Marxa Cabral, 2020Marxa Cabral, 2020

Por um lado, a auto-libertação dos escravos e a edificação de comunidades autónomas espalhados pelos cumes das montanhas e vales profundos de difícil acesso, denominadas por eles de djulangues1 (Silva 2001, 2007; Santos & Rebocho, 2018) podem ser vistas como o primeiro prenúncio de resistência cultural africana contra o sistema colonial esclavagista. Por outro lado, a tentativa de integração como auxiliares na gestão do sistema iniciado ainda no século XVI (Fernandes 2013), por aqueles que viriam a especializar-se no ofício de captura dos escravos auto-libertos em Santiago. Posteriormente, em São Vicente, essa integração foi tentada com a construção da identidade atlântica (Anjos 2000, 2013; Fernandes 2013). 
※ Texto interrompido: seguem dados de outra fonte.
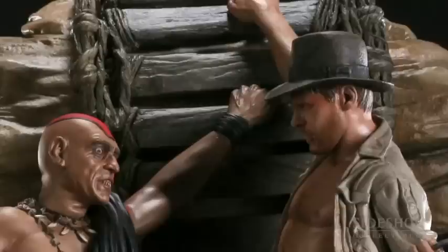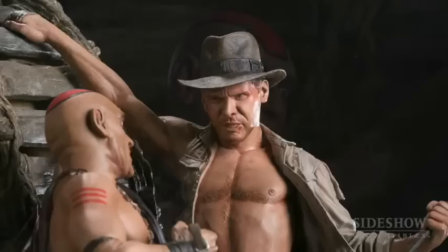The portraits on both of the characters are extremely dynamic as well. Indy is intently looking at Mola Ram as he's trying to rustle the bag from his hand, but Mola Ram's attention is focused completely on the bag so he can get the Shankara Stones.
Integração e intermediação

Estas tentativas de integração e intermediação indicam, pois, a postura ambivalente da elite cabo-verdiana. A mesma elite que vai ter um papel preponderante na reprodução do Estado burocrático racista colonial no pós-independência (Varela 2017), em que, sustentado pelas teorias da Escola da Modernização, constroem o Estado nacional e consolidam a mestiçagem enquanto identidade de todos os cabo-verdianos, marca identitária e civilizacional que o diferencia dos outros povos africanos2.  

Antes, Vieira (1986) aponta os eventos de 1835 como o que poderia ser percebido como primeiro esforço para a independência do arquipélago, com a tentativa de escravos e forros, instigados por homens do círculo da governação, na tomada de posse de Santiago (Carreira, 2000 [1972]). Isso criou no imaginário da elite colonial e nativa o receio da ilha poder vir a transformar-se num segundo Haiti. Em São Vicente, no final desse mesmo século, a crise carvoeira faz despoletar o embrião de um movimento social operário, liderado pela elite intelectual, em que a questão de autonomia da ilha foi pela primeira vez colocada em discussão pública (Silva 2005). 

Esses fatos indiciam que, entre o século XVI e a primeira metade do século XX, o arquipélago foi repleto de revoltas e indignações populares, espelhadas quer nos movimentos dos escravos auto-libertos transformados em seguida em movimentos de campesinato nas ilhas de Santiago e Santo Antão, quer no movimento operário mindelense e mais tarde nos movimentos urbanos político-literários e identitários (Mascarenhas 2014).  

Seguindo a lógica teórico-construtiva dos movimentos sociais africanos apresentada por Mueller (2018), diria que esses seriam as heranças que antecederam a primeira vaga dos protestos anticoloniais cabo-verdianos, materializado nos anos de 1950 com a criação do Partido Africano para a Independência da Guiné e Cabo Verde (PAIGC) e o desenvolvimento das suas ações políticas e militares, assim como a prática subversiva ambígua de alguns líderes religiosos nesse processo (Varela 2011). 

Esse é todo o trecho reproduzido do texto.